+++ PROVIDED DATA +++

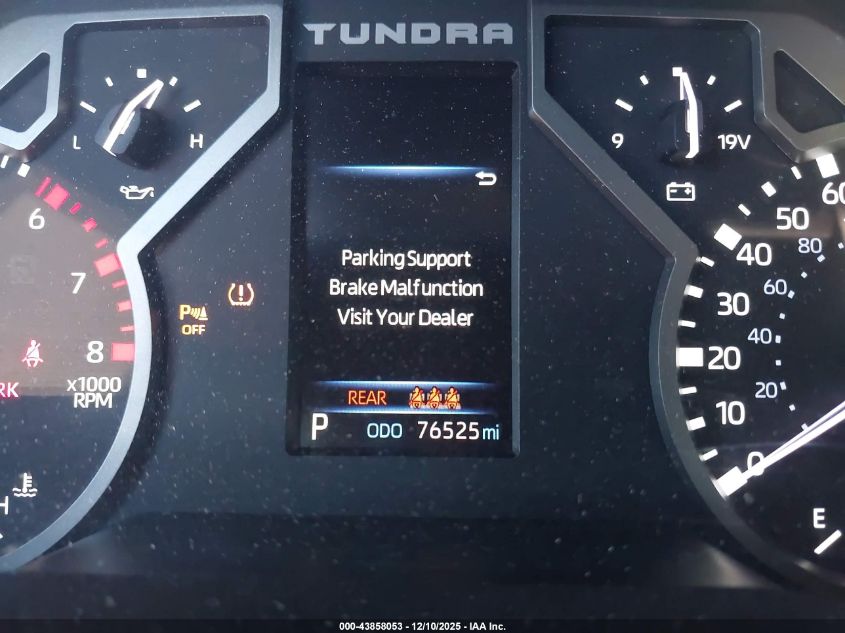 2022 Toyota Tundra Sr5 VIN: 5TFLA5AB7NX017674 Lot: 43858053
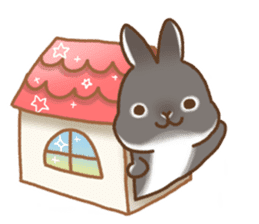 japanese bunny sticker (silent ver.) sticker #6532355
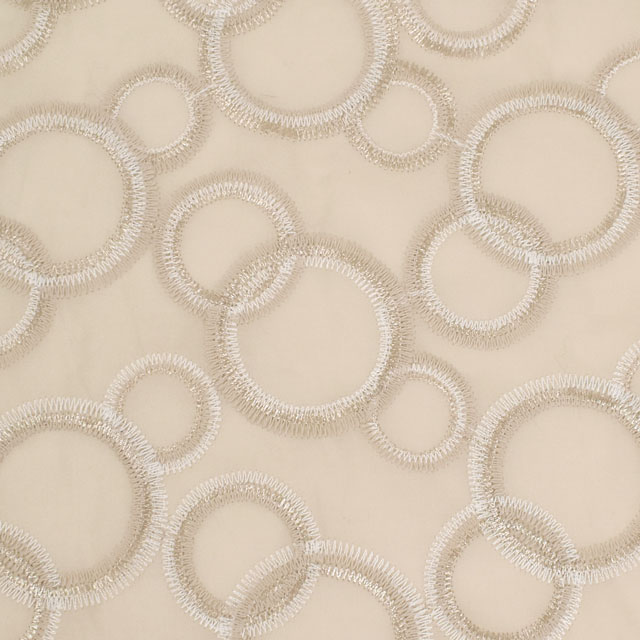 生地 綿ローンマルチレース サークル(AL563) 4080.ベージュ 10Ac04_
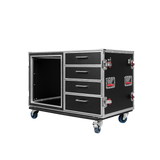 GTOUR Workstation 12U Rack, 4 Drawers & 2 tables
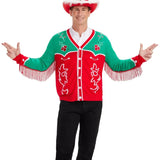 Men's Christmas Cowboy Cardigan Sweater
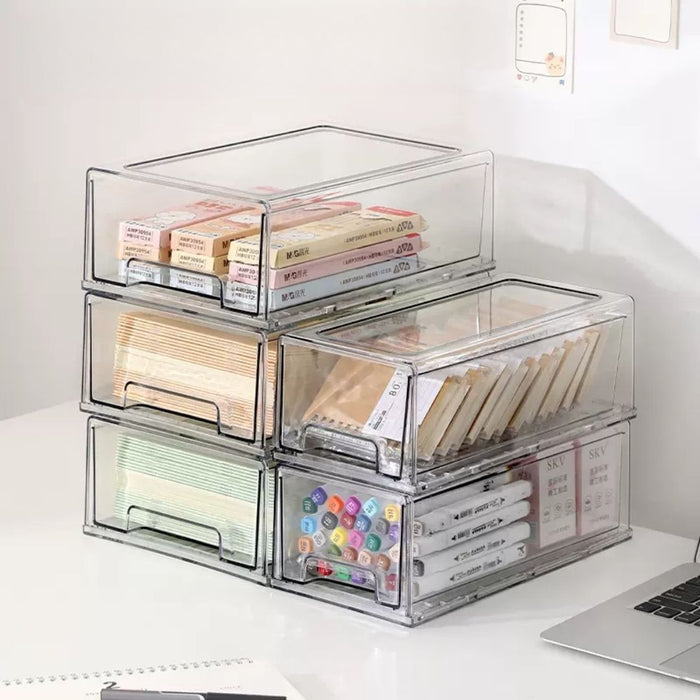 Multi-purpose Clear Storage Drawer Box (2 Sizes)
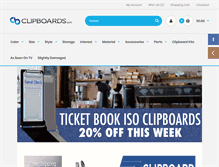 Tablet Screenshot of clipboards.com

+++

Each record above needs to be transcribed word for word, with its pictures omitted.

• TASK RESULT
 2022 Toyota Tundra Sr5 VIN: 5TFLA5AB7NX017674 Lot: 43858053
 japanese bunny sticker (silent ver.) sticker #6532355
 生地 綿ローンマルチレース サークル(AL563) 4080.ベージュ 10Ac04_
 GTOUR Workstation 12U Rack, 4 Drawers & 2 tables
 Men's Christmas Cowboy Cardigan Sweater
 Multi-purpose Clear Storage Drawer Box (2 Sizes)
 Tablet Screenshot of clipboards.com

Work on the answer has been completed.